# Valuation of shares based on residual income models...

## Valuation of shares based on residual income models

The difference between the book value and market value of shares and residual income. Another technology for valuing shares based on the time value of money is based on the difference between their book value and market value. The stock value of the (ВУ) stock will be called the equity of the company per simple share, the market value - respectively, the stock quotation on the market.

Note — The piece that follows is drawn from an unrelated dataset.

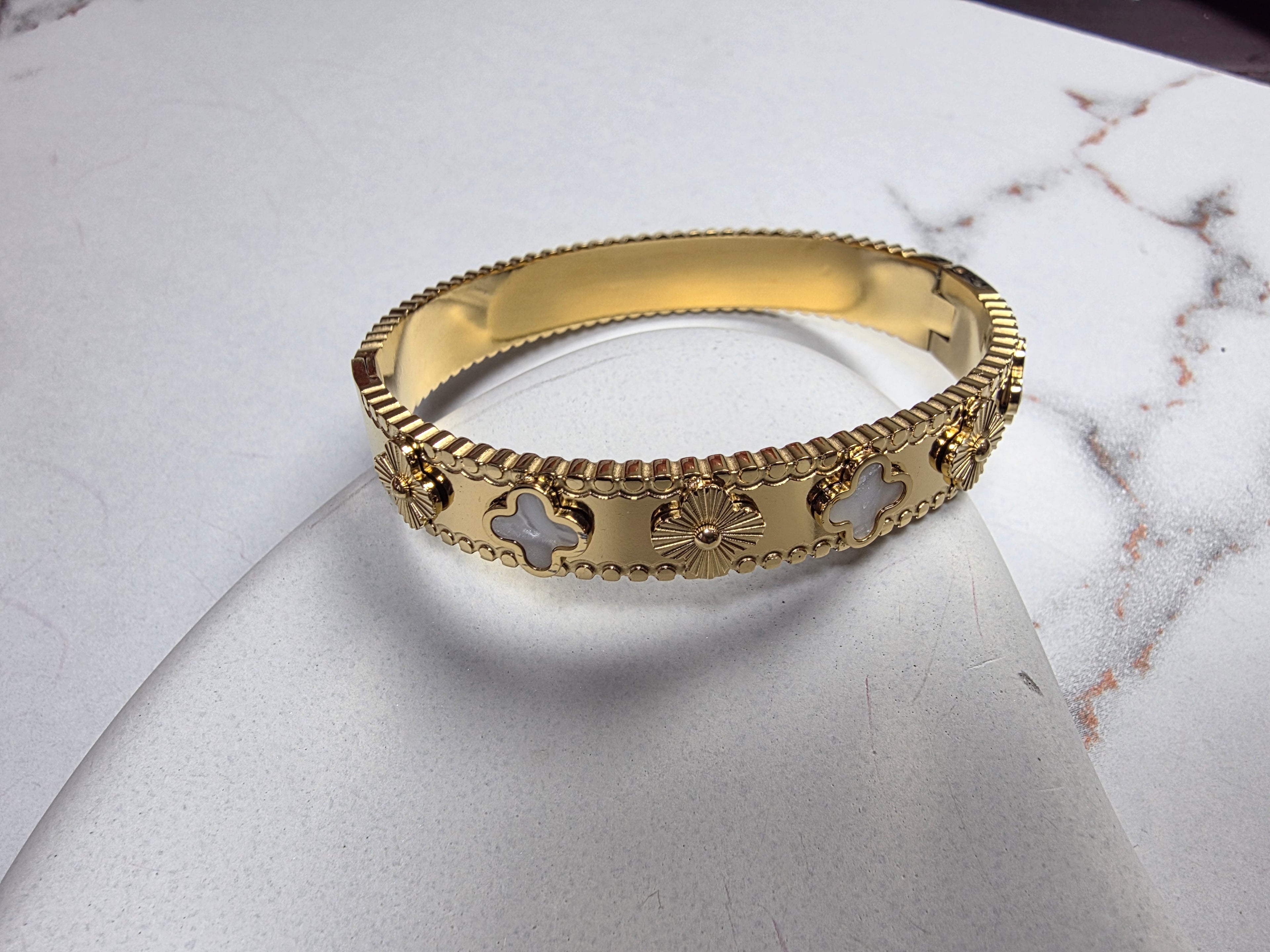 Eternal Duo Clover Bracelet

Imagine that all elements of the company's capital (ie not only money, but also reserves, machinery, equipment, intangible assets, etc.) are reflected in the balance sheet according to objective market valuation. Let such an assessment reflect the obligations. Then if such a company does not have competitive advantages compared to other similar enterprises, its market valuation should coincide with the balance sheet, and the ratio R/V (the ratio of the market price of the stock to the balance sheet) must be equal to one.

However, if this coefficient is still greater than one, it means that the company has future growth prospects and it will be able to create an abnormal earnings per share based on its competitive advantages compared to others. If one imagines that the net profit shown in the company's balance sheet reflects its actual financial results, this anomalous earnings per share should obviously look like this:

The decrease in this formula is the actual income (profit) per share, and the deductible is the income that any other company in the industry having the same level of risk (and, correspondingly, an average return of k). The value RI is called residual income.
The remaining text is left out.